Scraped caption text data:

□ □ □ □ □

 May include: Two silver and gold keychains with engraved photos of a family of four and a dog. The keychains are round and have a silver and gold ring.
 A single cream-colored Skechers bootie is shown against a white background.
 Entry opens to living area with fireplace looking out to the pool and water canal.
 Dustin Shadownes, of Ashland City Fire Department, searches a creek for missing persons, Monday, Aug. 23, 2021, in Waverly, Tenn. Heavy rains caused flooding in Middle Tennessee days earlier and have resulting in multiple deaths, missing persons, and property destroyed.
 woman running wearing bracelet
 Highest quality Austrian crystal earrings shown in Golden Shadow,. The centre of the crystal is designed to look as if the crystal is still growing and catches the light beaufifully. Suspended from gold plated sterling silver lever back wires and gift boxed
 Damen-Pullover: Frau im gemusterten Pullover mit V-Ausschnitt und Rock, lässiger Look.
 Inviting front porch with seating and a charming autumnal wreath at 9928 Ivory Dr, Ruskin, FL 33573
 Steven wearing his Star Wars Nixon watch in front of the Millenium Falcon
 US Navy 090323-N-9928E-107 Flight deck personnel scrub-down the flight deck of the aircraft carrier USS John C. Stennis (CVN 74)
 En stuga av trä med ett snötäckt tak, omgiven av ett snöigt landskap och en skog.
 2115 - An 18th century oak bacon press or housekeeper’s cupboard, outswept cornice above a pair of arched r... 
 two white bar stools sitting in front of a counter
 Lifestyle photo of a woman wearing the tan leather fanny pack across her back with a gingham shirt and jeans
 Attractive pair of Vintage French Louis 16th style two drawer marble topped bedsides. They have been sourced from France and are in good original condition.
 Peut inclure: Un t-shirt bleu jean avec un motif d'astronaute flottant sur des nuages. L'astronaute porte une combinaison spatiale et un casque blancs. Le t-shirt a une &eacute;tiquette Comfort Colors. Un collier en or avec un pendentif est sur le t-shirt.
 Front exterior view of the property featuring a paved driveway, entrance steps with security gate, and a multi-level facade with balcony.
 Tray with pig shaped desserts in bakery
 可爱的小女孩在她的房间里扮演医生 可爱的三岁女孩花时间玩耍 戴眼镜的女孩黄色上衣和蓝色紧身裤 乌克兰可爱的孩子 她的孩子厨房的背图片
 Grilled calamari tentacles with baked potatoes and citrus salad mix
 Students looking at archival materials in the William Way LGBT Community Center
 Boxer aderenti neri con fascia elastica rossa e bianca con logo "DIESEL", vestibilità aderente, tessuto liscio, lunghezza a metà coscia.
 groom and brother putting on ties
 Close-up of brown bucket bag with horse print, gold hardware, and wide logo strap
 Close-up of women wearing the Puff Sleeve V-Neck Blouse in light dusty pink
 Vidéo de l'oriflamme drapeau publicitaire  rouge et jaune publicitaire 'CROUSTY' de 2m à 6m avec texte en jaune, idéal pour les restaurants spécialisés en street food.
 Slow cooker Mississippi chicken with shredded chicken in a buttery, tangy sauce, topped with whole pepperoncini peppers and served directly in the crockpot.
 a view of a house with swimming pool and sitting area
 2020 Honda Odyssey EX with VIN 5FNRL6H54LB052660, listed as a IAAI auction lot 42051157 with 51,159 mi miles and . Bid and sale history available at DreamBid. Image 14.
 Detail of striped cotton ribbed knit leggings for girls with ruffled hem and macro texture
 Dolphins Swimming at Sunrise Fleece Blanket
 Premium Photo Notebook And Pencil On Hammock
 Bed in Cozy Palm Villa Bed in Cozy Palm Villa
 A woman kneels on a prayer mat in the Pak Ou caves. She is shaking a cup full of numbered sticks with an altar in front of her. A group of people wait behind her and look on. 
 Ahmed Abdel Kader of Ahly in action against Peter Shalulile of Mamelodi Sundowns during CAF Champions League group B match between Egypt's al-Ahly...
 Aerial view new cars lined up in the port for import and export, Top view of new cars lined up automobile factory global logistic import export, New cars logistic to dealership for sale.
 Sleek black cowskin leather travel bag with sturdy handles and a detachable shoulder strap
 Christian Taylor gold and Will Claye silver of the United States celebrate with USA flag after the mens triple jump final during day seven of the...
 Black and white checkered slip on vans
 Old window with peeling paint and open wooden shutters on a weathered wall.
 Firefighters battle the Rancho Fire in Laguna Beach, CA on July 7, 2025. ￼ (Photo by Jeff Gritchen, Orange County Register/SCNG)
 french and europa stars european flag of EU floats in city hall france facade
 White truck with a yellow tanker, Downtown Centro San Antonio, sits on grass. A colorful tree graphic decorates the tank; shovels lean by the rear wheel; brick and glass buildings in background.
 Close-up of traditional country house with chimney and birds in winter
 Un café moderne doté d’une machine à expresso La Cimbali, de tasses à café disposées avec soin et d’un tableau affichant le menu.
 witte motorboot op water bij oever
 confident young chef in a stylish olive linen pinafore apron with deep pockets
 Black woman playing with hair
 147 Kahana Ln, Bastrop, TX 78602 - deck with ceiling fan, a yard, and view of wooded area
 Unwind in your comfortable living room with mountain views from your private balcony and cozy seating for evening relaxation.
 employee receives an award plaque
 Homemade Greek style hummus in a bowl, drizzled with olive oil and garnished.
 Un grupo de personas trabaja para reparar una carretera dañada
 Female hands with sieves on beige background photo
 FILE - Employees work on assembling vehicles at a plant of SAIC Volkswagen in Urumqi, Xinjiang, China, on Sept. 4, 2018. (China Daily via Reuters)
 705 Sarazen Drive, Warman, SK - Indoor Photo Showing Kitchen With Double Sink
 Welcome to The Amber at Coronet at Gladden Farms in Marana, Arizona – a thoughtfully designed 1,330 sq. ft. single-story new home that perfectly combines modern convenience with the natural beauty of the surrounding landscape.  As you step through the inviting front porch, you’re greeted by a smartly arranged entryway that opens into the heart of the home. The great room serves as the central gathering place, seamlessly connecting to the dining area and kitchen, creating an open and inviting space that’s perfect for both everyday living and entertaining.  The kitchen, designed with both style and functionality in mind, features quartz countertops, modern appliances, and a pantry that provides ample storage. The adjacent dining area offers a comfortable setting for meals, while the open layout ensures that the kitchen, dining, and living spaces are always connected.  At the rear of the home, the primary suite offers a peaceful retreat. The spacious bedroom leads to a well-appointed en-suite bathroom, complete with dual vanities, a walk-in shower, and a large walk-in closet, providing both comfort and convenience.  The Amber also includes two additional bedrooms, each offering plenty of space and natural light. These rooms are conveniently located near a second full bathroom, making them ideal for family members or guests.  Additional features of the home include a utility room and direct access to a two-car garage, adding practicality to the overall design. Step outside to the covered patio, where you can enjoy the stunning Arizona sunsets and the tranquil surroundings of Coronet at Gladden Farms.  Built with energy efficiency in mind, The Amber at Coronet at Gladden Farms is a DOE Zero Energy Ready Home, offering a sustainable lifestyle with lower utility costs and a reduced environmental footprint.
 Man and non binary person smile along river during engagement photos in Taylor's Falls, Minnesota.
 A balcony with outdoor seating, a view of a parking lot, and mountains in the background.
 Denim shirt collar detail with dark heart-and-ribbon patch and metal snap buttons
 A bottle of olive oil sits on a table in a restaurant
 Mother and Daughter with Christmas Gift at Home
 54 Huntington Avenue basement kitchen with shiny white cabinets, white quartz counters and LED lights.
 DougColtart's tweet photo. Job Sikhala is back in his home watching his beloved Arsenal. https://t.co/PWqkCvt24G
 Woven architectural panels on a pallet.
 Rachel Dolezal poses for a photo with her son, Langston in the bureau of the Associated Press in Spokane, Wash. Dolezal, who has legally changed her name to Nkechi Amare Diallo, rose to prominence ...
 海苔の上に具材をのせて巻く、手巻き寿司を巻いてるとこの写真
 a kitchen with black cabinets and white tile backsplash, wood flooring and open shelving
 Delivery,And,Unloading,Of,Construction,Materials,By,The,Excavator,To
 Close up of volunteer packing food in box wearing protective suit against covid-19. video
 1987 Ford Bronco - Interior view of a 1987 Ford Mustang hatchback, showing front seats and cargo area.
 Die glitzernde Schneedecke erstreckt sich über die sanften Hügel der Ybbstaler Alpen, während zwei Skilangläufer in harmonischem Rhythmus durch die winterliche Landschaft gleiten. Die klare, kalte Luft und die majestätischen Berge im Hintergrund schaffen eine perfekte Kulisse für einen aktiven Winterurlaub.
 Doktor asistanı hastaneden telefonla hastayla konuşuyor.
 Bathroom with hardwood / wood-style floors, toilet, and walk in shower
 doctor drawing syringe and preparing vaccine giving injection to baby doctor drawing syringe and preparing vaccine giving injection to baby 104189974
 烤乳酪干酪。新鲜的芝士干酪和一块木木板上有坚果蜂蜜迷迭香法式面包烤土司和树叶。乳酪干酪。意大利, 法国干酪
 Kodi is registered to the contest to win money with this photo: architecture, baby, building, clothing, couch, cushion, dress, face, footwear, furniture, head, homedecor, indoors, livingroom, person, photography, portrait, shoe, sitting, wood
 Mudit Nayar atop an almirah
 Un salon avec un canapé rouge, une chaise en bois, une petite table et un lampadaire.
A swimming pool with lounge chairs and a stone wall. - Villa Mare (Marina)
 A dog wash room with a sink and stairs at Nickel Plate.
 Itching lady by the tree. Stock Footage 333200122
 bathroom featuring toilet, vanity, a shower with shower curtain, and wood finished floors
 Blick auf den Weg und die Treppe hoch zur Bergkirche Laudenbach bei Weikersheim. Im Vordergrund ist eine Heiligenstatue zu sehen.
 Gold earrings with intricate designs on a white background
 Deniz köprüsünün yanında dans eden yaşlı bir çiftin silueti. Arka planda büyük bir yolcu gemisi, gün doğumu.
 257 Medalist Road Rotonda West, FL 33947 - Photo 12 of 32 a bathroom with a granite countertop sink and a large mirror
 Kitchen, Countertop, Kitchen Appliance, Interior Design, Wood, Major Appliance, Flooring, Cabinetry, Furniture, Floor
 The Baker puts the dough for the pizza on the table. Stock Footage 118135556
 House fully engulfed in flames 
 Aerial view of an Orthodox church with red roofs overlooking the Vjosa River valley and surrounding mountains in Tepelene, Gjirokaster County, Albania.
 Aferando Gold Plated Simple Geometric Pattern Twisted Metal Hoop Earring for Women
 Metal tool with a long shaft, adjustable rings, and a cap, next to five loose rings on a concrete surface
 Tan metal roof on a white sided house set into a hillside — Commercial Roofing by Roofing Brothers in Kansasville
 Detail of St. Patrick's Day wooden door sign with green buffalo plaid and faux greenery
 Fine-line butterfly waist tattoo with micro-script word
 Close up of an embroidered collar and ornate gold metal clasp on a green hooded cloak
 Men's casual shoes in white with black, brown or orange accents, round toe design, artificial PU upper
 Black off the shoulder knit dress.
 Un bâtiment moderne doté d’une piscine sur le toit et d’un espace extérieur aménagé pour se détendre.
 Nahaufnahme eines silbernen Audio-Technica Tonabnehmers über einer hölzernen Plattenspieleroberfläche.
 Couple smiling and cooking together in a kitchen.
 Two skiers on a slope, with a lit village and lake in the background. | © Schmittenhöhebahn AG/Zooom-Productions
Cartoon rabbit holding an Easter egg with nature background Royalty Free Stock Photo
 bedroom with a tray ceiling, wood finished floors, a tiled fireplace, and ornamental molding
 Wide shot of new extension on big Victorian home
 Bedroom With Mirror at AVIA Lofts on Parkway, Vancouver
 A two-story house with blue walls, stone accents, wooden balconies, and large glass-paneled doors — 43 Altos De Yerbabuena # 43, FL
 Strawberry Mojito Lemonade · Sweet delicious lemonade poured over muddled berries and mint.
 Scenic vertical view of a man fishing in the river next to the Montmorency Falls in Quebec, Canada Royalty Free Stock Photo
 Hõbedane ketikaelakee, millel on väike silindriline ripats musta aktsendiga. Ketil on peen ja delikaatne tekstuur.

□ □ □ □ □

REQUIREMENT:
Looking back over the data above, restate word for word the lines that begin at the line with "Un grupo de" and end at the line with "705 Sarazen Drive, Warman, SK", inclusive.

EXERCISE SOLUTION:
 Un grupo de personas trabaja para reparar una carretera dañada
 Female hands with sieves on beige background photo
 FILE - Employees work on assembling vehicles at a plant of SAIC Volkswagen in Urumqi, Xinjiang, China, on Sept. 4, 2018. (China Daily via Reuters)
 705 Sarazen Drive, Warman, SK - Indoor Photo Showing Kitchen With Double Sink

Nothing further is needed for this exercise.